The city's Royal Palace, a major complex that includes the famed Silver Pagoda, is well worth a visit. The main temple of Wat Phnom, meanwhile, is a colorful, midcity oasis. Each evening, families gather along the city's riverbanks, along with a parade of courting couples, groups of children and street vendors peddling local delicacies such as barbecued beetles and spiders.  

For less exotic fare, the Foreign Correspondents Club of Cambodia is a good bet. The club served international journalists during the reign of the oppressive Khmer Rouge regime of the 1970s, but most patrons today appear to be tourists.

Some of the worst atrocities of Cambodia's wars took place near the capital, at Choeung Ek. A large stupa, or monument, crammed with victims' skulls is a sobering memorial to one of the darkest periods of recent world history. A visit to the Genocide Museum at Tuol Sleng Prison confirms the staggering human toll the Khmer Rouge exacted. 

The nearby town of Siem Reap makes its living from tourists visiting Angkor Wat. It boasts a lively market, plenty of good restaurants and luxury hotels such as the Raffles Grand Hotel d'Angkor and the Sofitel Phokeethra Royal Angkor.

But it's Angkor, overwhelming in scale, that's the real draw. This complex of temples, lakes and canals was built by the Khmer civilization in the 12th century and was hidden by jungle growth until 1860.

It's worth arriving at Angkor Wat, the "capital temple," in time to watch the sun rise, when lotus-shaped towers are reflected in the pond near the entrance. Inside the walled compound lie myriad temples, frescoes, incredibly steep steps and a Buddhist monk or two in saffron robes.

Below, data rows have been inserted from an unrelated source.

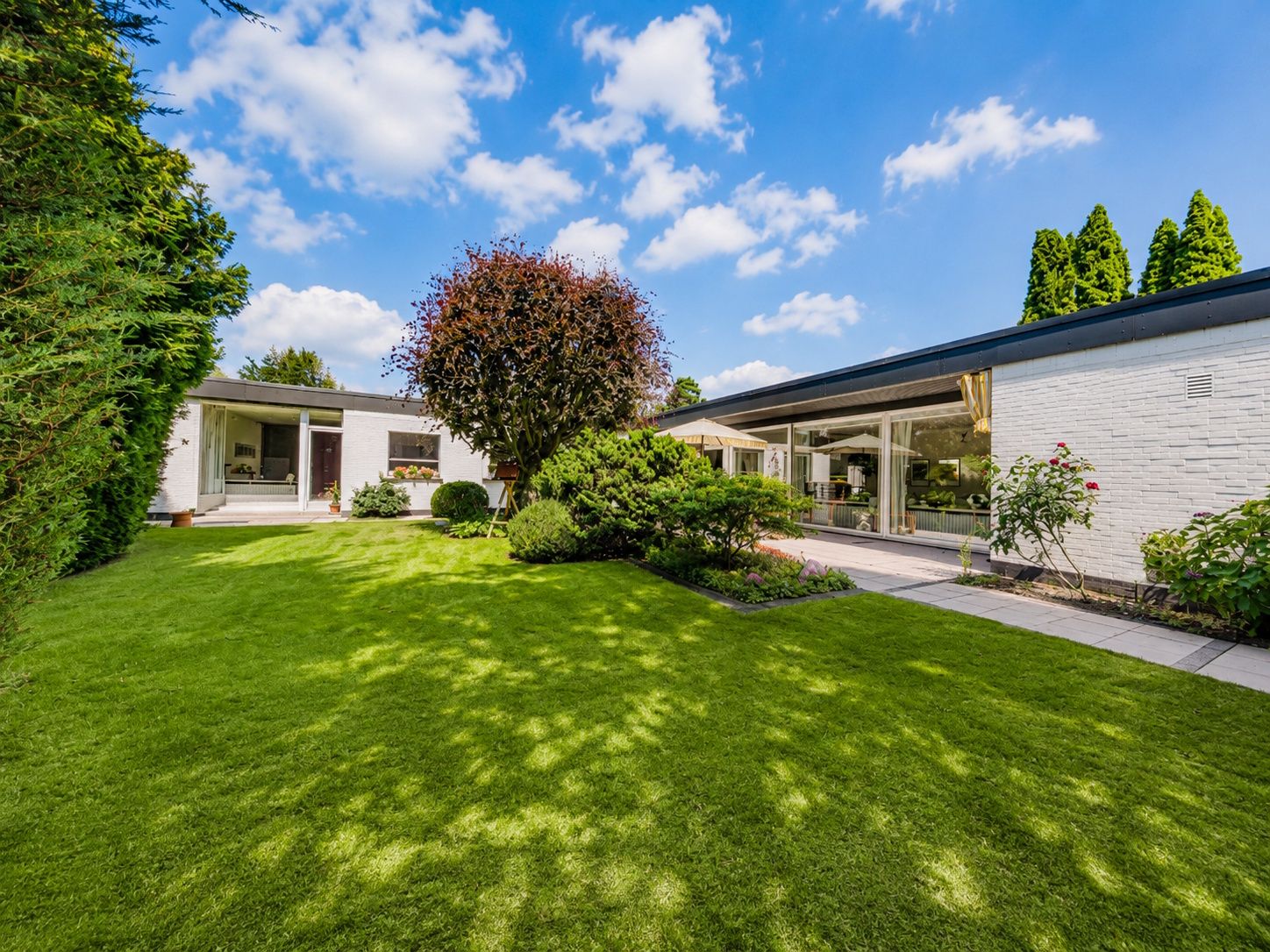 Großer gepflegter Garten mit Rasen, Sträuchern und Bäumen vor einem modernen, weißen Wohnhaus.
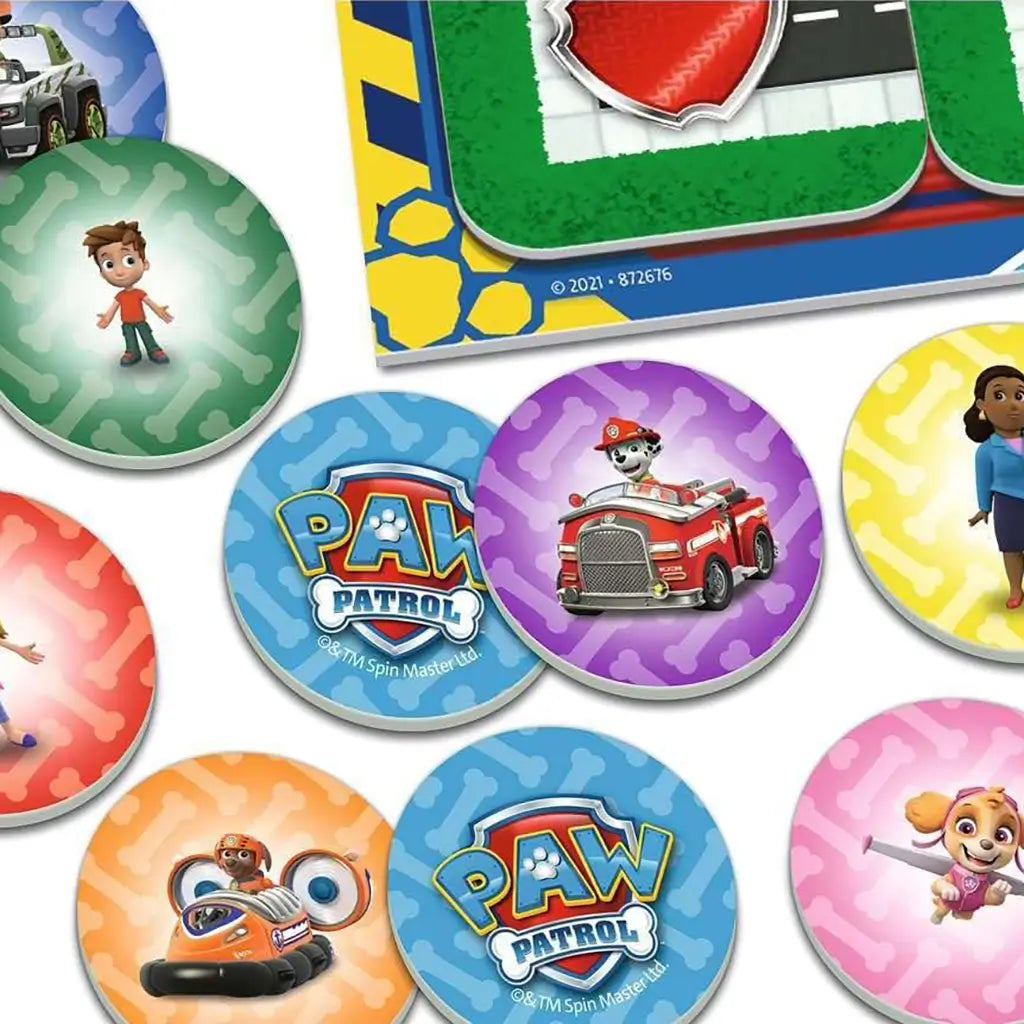 Colorful round cardboard tokens from Ravensburger’s Paw Patrol Junior Labyrinth game show characters like Ryder, Skye, and Marshall on textured backgrounds for matching play.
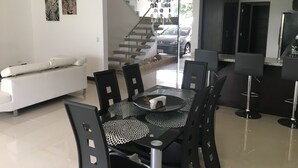 A modern dining area with a glass table, black chairs, and a white sofa. A staircase leads to a garage with a car parked outside. - Las Yagrumas Condo Escazu (San Rafael)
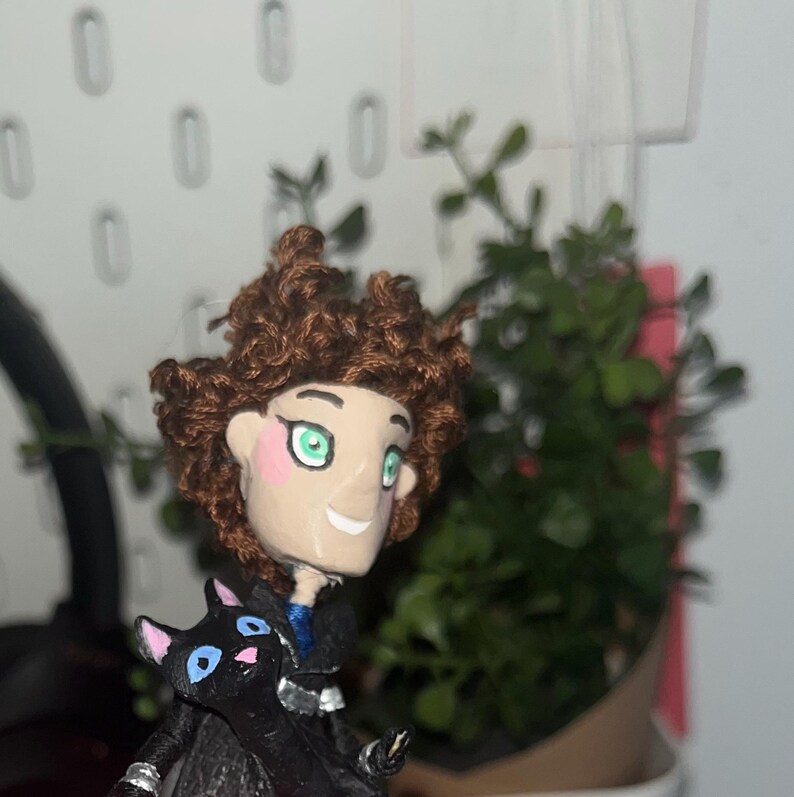 May include: A handmade figurine of a character with brown curly hair, green eyes, and pink cheeks. The figure is wearing a black coat and holding a black cat with blue eyes. A small plant is in the background.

Other beautiful temples can be found nearby. Bayon, noted for carvings of Buddha's face, is especially attractive. Ta Prohm, used in the film "Lara Croft: Tomb Raider," is still covered by trees; it lends an idea of what Angkor Wat must have looked like before the growth was cleared away. Other temple musts include Preah Khan, Pre Rup and the Women's Temple at Banteay Srei.